--- GOAL OF THE EXERCISE ---
Copy each record exactly as it reads, leaving out any pictures it holds.

---------- DATA SHOWN ----------

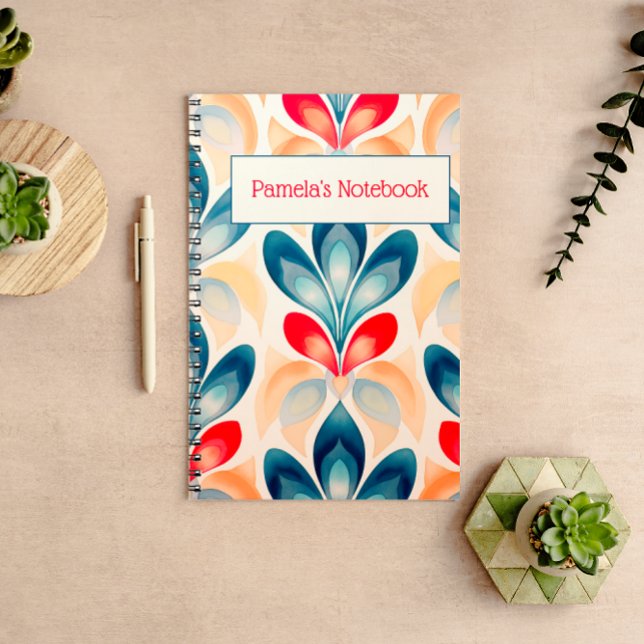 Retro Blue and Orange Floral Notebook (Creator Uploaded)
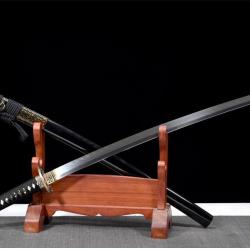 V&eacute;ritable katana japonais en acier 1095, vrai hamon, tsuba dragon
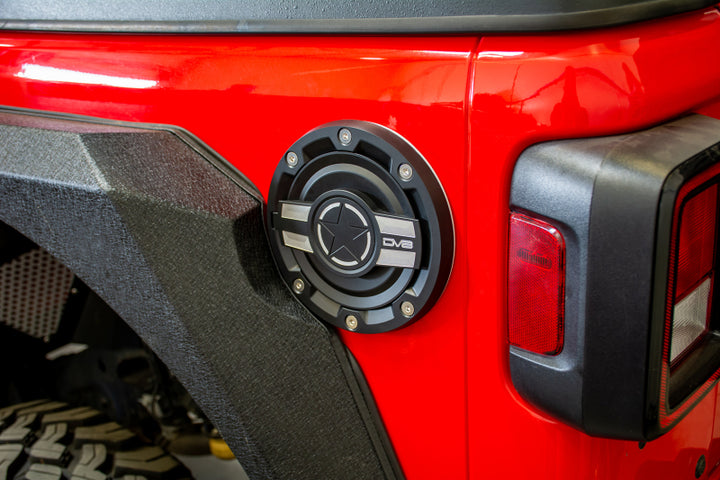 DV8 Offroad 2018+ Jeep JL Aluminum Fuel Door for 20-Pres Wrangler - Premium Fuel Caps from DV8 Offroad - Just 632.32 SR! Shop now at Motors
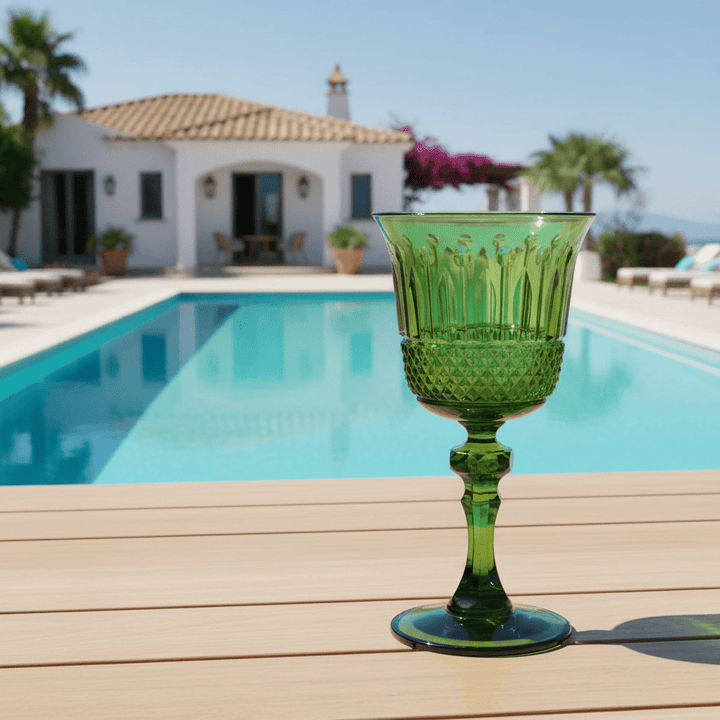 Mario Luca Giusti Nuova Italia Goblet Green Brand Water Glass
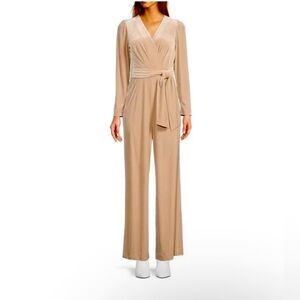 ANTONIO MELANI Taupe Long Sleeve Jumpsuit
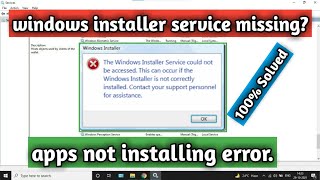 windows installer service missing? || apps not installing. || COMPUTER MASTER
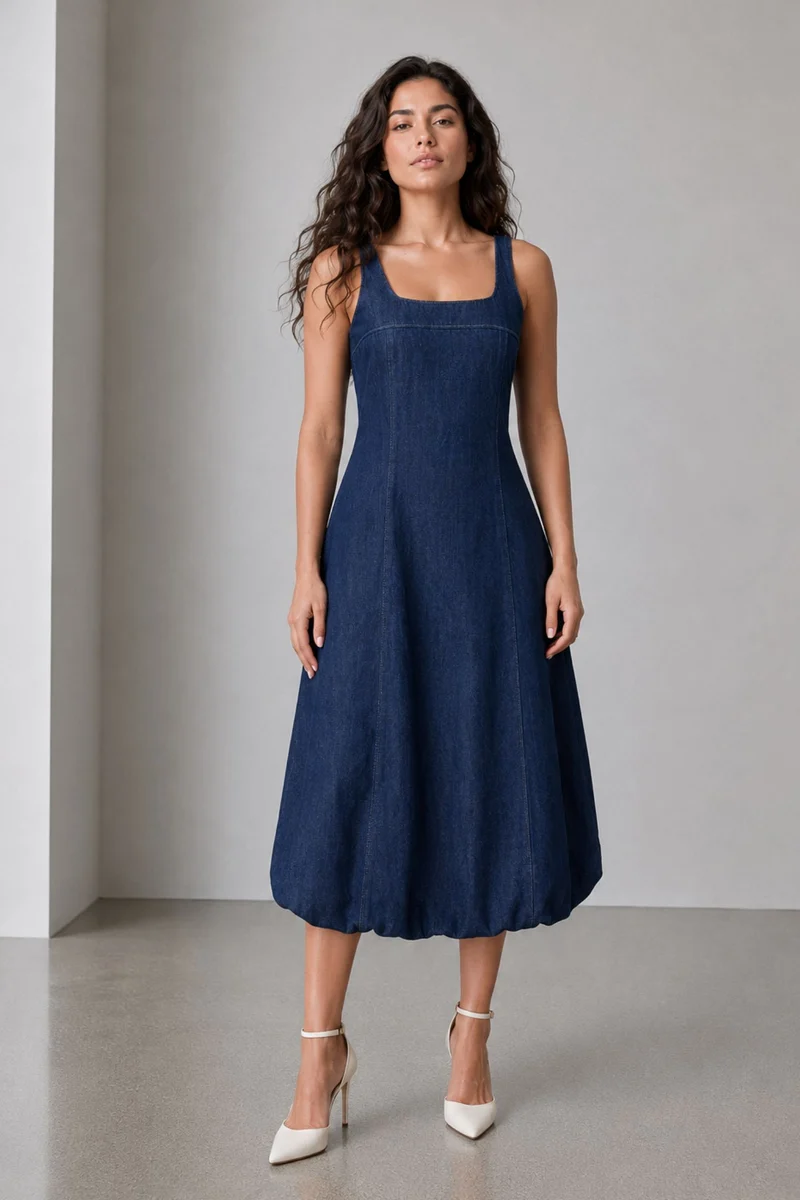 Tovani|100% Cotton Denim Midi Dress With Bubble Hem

----------

--- SOLVED PROBLEM ---
 Retro Blue and Orange Floral Notebook (Creator Uploaded)
 V&eacute;ritable katana japonais en acier 1095, vrai hamon, tsuba dragon
 DV8 Offroad 2018+ Jeep JL Aluminum Fuel Door for 20-Pres Wrangler - Premium Fuel Caps from DV8 Offroad - Just 632.32 SR! Shop now at Motors
 Mario Luca Giusti Nuova Italia Goblet Green Brand Water Glass
 ANTONIO MELANI Taupe Long Sleeve Jumpsuit
 windows installer service missing? || apps not installing. || COMPUTER MASTER
 Tovani|100% Cotton Denim Midi Dress With Bubble Hem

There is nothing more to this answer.